Azerbaijan Government CERT
- Abbreviation: AZ-CERT
- Nickname: Azerbaijan Computer Emergency Response Team
- Formation: 20 April 2008; 18 years ago
- Type: Computer Emergency Response Team
- Legal status: active
- Purpose: cybersecurity
- Headquarters: Special Communication & Information Security State Service of Azerbaijan
- Location: Baku, Azerbaijan;
- Fields: Information technology
- Affiliations: OIC Computer Emergency Response Team
- Website: cert.gov.az/en

= Azerbaijan Government CERT =

Azerbaijan Computer Emergency Response Team, officially known as Azerbaijan Government CERT (Azərbaycan Hökuməti CERT), is a computer emergency response team of the Republic of Azerbaijan responsible for cybersecurity and gathering data concerning information technology. It operates under the Special Communication and Information Security State Service of the government of Azerbaijan. It collects data within its framework from relevant sources, including internet users, computer engineering groups, individuals or organizations and software developers. It coordinates with the foreign countries for gathering and analysing data from cybersecurity incidents involving both software and hardware tools designed for the prevention of internet and computer security.

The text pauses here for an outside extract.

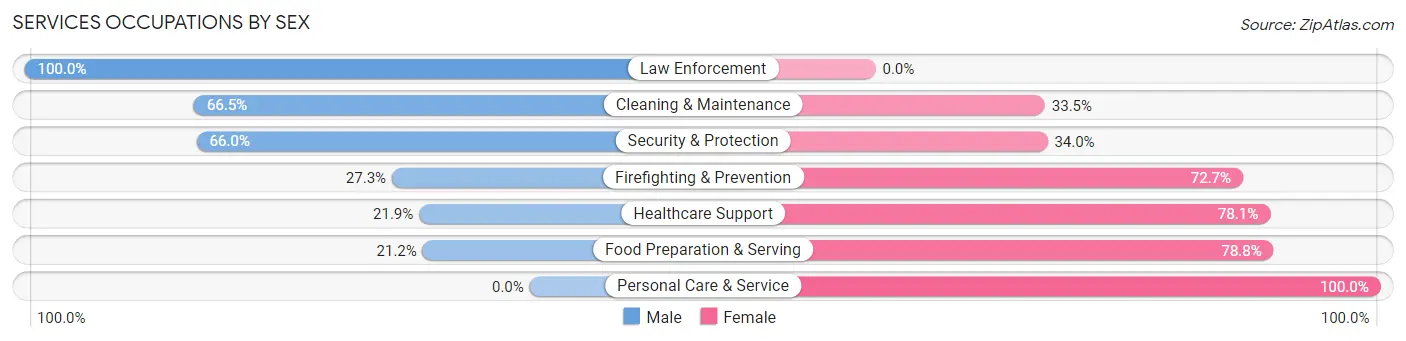 Services Occupations by Sex in Vinton County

Azerbaijan CERT develop a framework for suggesting recommendations for software designed to maintain software and hardware tools entrusted with preventing unauthorised access to devices consisting personally identifiable information of the users. It operates within the scope of generalization and issues advisory in addition to providing technical support to users in the country. It also prevents cyberterrorism by spreading cybersecurity awareness. As national computer security agency, it provides assistance to the state governments concerning investigation of the computer incidents.

== Duties and responsibilities ==
Headquartered in Special Communication & Information Security State Service of Azerbaijan, Baku, Azerbaijan, Azerbaijan Computer Emergency Response Team is entrusted with issuing advisory on specific software and hardware tools in collaboration with public and private vendors. It also coordinates with foreign CERTs in information technology sector, including cybercrimes. It also conducts research in collaboration with state authorities for obtaining data on cybersecurity incidents and assists them in preventing cyberattacks and malicious softwares and disruption of IT network systems. The agency is also tasked with preventing denial-of-service attack within the jurisdiction of Azerbaijan.